Magnolia Theater stages first production in Village

Jeannie O'Meara-Polich was a little giddy and a lot relieved last weekend after The Magnolia Theater, which she co-founded, successfully staged a production of the musical "Aladdin Jr." So, she added, were the 10 cast members in the show, which is comprised students from third, fourth and fifth grade.

"They just had a blast," O'Meara-Polich said.

A second production of the same show in December will feature 10 new cast members from the sixth, seventh and eighth grades, she said. One of these actors joined the younger cast in the role of a flying carpet. "She's Jasmin in the other cast," O'Meara-Polich said. The narrator from the younger cast will repay the favor for the older cast.

Forming her own theater troupe was a long time coming for O'Meara-Polich, who said she's has been involved in drama since she was 5 year old. "I was directing plays as a little girl."

She later got a bachelor's degree in theater arts from Notre Dame, following that up with a graduate degree in directing from the University of Minnesota.

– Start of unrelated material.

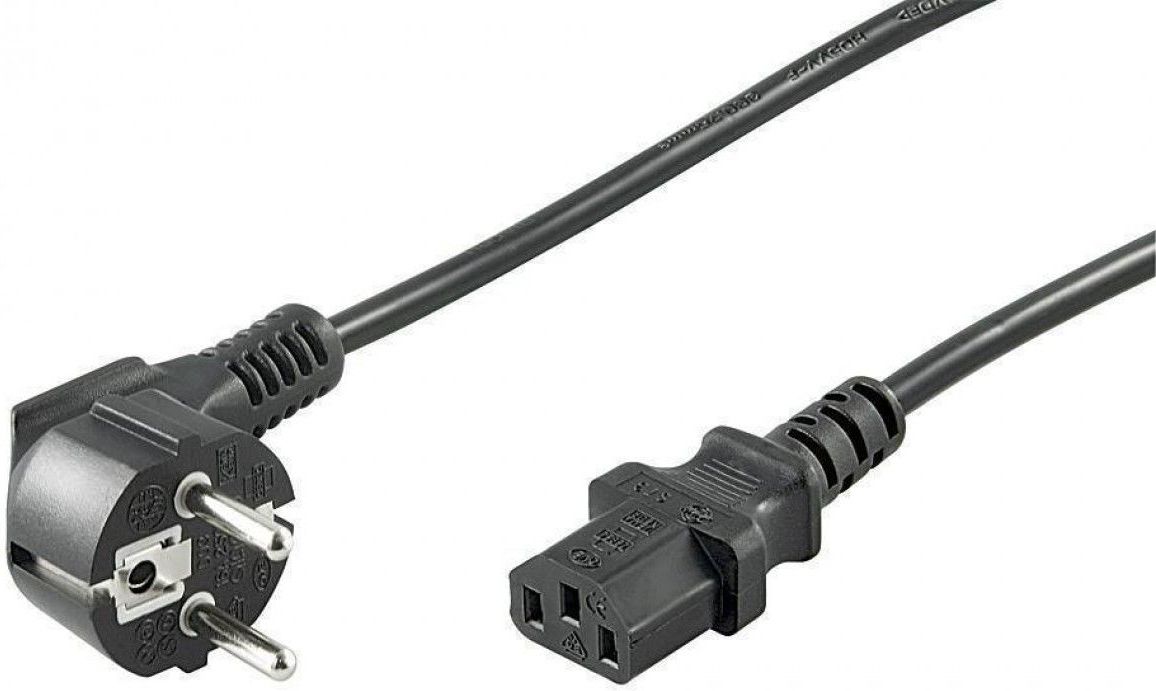 Kabel Goobay Schuko type F CEE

O'Meara-Polich also started a theater department at a college in Reno, Nev.

But her local connection is at Our Lady of Fatima school in Magnolia, where she taught for 13 years and put together musicals and shows starring the students. "And I quit so I could start my own (theater) company," O'Meara-Polich said.

It wasn't easy.

But Jane Oaksmith, who volunteered as choreographer for shows at Fatima, joined forces with her, and they ponied up $5,000 in seed money to start the effort, O'Meara-Polich said.

But finding a venue for the troupe proved to be difficult. "We looked for a rental space or a place to buy," she said of a search that went on for a couple of years. That included the possibility of buying one of two churches in Ballard.

One space cost $650,000 but proved too big. "The other was $500,000, and it was prefect," O'Meara-Polich lamented. She said she changed her mind because of zoning restrictions, business licensing and the need to retrofit the churches.

O'Meara-Polich and Oaksmith also looked around Magnolia, and had settled on an old brick building near the Village Pub. But the owner pulled the rug out from under the women on the day of signing the contract for the building, announcing he'd just sold it, O'Meara-Polich said. "I was so mad at him."

But the pair ended up renting space at the United Church of Christ on West McGraw Street for $10 an hour. "They are so nice and generous, they really are," O'Meara-Polich said.

She said she'd talked to the church about staging Fatima shows there in the past, but her timing was good for the Magnolia Theater; the adult day care that operated in the church space had pulled up stakes and left.

The space includes a small stage and room for around 200 audience members. "We rented the spotlights, some props and the drapes," O'Meara-Polich said.

Both casts individually spent two months rehearsing and studying acting, singing and dancing two times a week for two hours each time, she said. "We're doing a workshop situation." It costs each cast member $450 for the program, and that includes costumes, makeup, photos and sometimes multiple roles in the shows.

Most of the young cast members are girls, and they play male roles in both shows, O'Meara-Polich said. Boys that age are uncomfortable studying drama, she said. "In all my years teaching, it was like that."

Community volunteers also helped out with costumes and sets. The Nov. 19 show sold out, she said of a crowd that included friends and relatives of the cast members, as well as nearby neighbors and one family that drove in from Mill Creek.

"I think we'll break even this first time," O'Meara-Polich said. But making money off the venture will probably take awhile. "I don't expect to make salaries for a very long time," she said.

Nonetheless, some of the young audience members at the three shows last week said they were interested in joining the troupe, she said. The two sets of cast members also want to return for the next show, a musical production of the Cinderella story, O'Meara-Polich added.

She said she wants to keep the number of cast members in each age group to around 15. At Fatima, O'Meara-Polich remembered, she dealt with casts of around 50. "It was more like a traffic cop."